Dr Jean-Claude EMPERAIRE

Les articles du Dr Emperaire

UNE BONNE NOUVELLE POUR LES FEMMES A TAUX D’AMH FAIBLE ?

Dans un précédent article, nous avions expliqué que l’importance du stock d’ovocytes dont chaque femme dispose, et tel qu’il peut être estimé par le taux d’AMH, n’avait d’importance que dans un contexte de fécondation in vitro (FIV) ; par contre, chez toutes celles dont on peut espérer une conception naturelle, la constatation d’un taux faible d’AMH n’a pas de conséquence péjorative particulière. On ne soulignera jamais assez qu’en matière d’ovocytes, c’est leur qualité, et non leur quantité, qui importe : et la qualité ovocytaire est uniquement liée à l’âge. Chez une femme qui souhaite concevoir « naturellement », c’est donc son âge qu’il faut considérer et non son taux d’AMH.

Les femmes « jeunes », jusqu’à 35-38 ans, affectées d’un taux d’AMH bas, sont volontiers qualifiées par les spécialistes de la reproduction d’être en « insuffisance ovarienne précoce ». Ce que beaucoup d’entre elles vivent comme une véritable stigmatisation, et leur fait craindre qu’en plus d’être moins nombreux, leurs ovocytes restants soient de moins bonne qualité : des « fonds de tiroir » en quelque sorte, comme elles le verbalisent elle mêmes.

Ce doute se reflète dans le débat scientifique, les  spécialistes étant partagés entre :

– Ceux qui considèrent que quantité et qualité ovocytaire évoluent parallèlement, et que plus la réserve ovarienne est faible, moins bonne est la qualité ovocytaire, et

– Ceux qui pensent que qualité et quantité sont indépendantes, et que la qualité reste liée à l’âge quel que soit le taux d’AMH.

Ces deux hypothèses s’appuyant sur des articles scientifiques d’aussi bonne qualité, il était certainement difficile de trancher.

Cette question a été récemment éclairée par une importante étude américaine, effectuée en fécondation in vitro (FIV) (1). Elle a permis de comparer les chances de s’implanter d’embryons conçus chez des femmes à réserve ovarienne normale, et celles de femmes de moins de 40 ans à réserve ovarienne diminuée (AMH < 1,1 ng/ml). Elle a utilisé le diagnostic préimplantatoire pour mesurer le taux d’embryons au stade blastocyste chromosomiquement normaux (embryons euploïdes). Rappelons ici que la diminution de la qualité ovocytaire avec l’âge entraîne une plus forte proportion d’embryons chromosomiquement anormaux (aneuploïdes), incapables de s’implanter ou d’évoluer.

Il ressort de cette large étude que les taux d’embryons euploïdes obtenus sont comparables entre les femmes à réserve ovarienne normale, et celles qui ont un faible taux d’AMH, ce qui indique au départ une qualité ovocytaire comparable. Le fait d’avoir une réserve ovarienne diminuée n’impacte donc en rien la qualité embryonnaire.

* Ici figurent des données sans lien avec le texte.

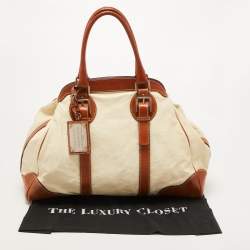 Pre Owned Dolce & Gabbana Brown/Cream Coated Canvas and Leather Miss Romantique Bag
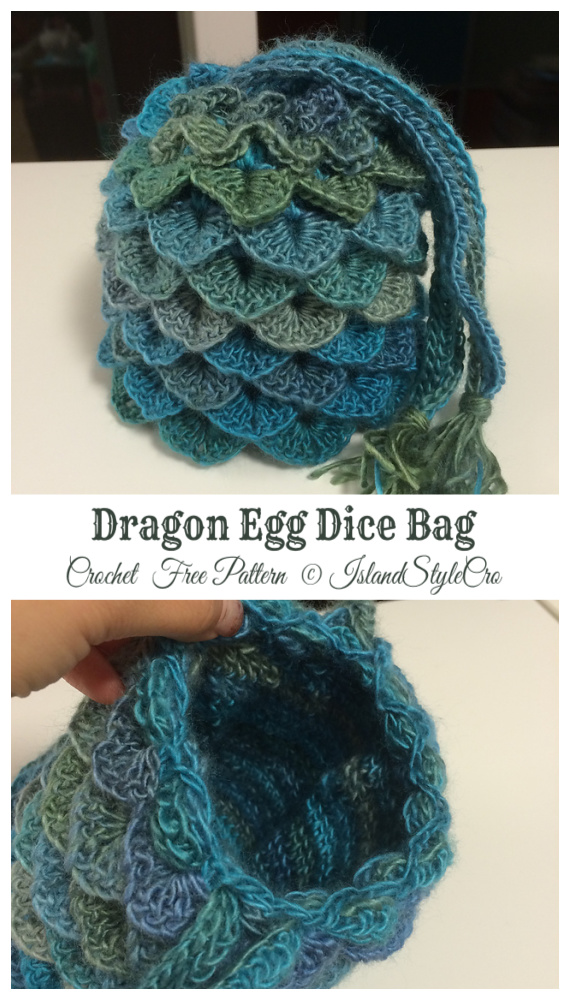 Dragonscale Dice Bag Crochet Free Patterns- Drawstring Bag Free #Crochet; Patterns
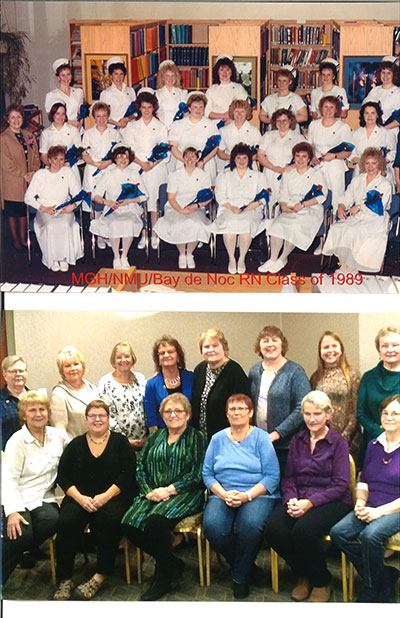The first graduating class of Bay College's nursing program then and now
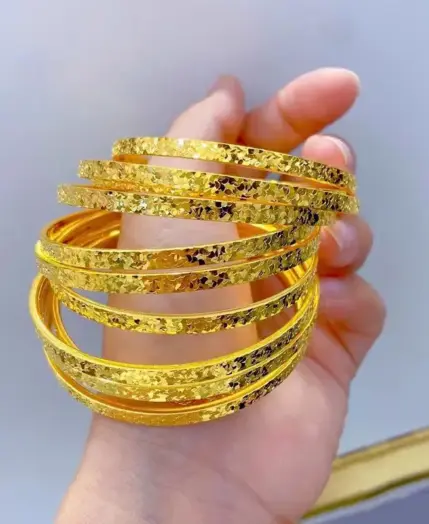 24k Gold Real 9999 Golden Broken Bingbing Bangles Flash Solid Bracelet Women’s Temperament Fine Jewelry Set Ring Bracelet 1 24k Gold Real 9999 Golden Broken Bingbing Bangles Flash Solid Bracelet Women's Temperament Fine Jewelry Set Ring Bracelet 1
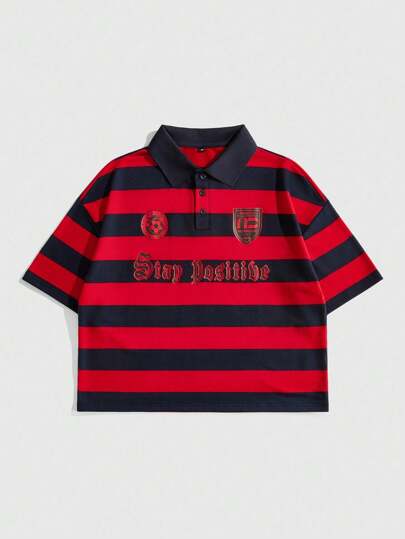 Prep Men's Contrast Color Half-Placket Casual Letter Striped Polo Shirt, American Retro Style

Le taux de grossesse obtenu est certes plus élevé dans le groupe de femmes à réserve ovarienne normale ; mais ceci s’explique simplement par le fait que ces femmes développent plus d’ovocytes sous stimulation ovarienne, ce qui leur permet d’obtenir plus d’embryons, donc plus d’embryons capables de s’implanter. Ce meilleur pronostic n’est donc pas lié à une meilleure qualité ovocytaire.

Au total, les femmes jeunes qui présentent un faible taux d’AMH ne doivent pas s’alarmer inutilement : elles gardent toutes leurs chances de devenir enceintes naturellement, ou semi-naturellement (stimulation ovarienne avec ou sans insémination) ; par contre, s’il leur faut en arriver à la FIV, leurs chances de concevoir deviennent modérées.

1-A diagnosis of diminished ovarian reserve does not impact embryo aneuploidy or live birth rates compared to patients with normal ovarian reserve. Y Fouks et Coll. Fertility and Sterility 2022, 118; 3: 504-412.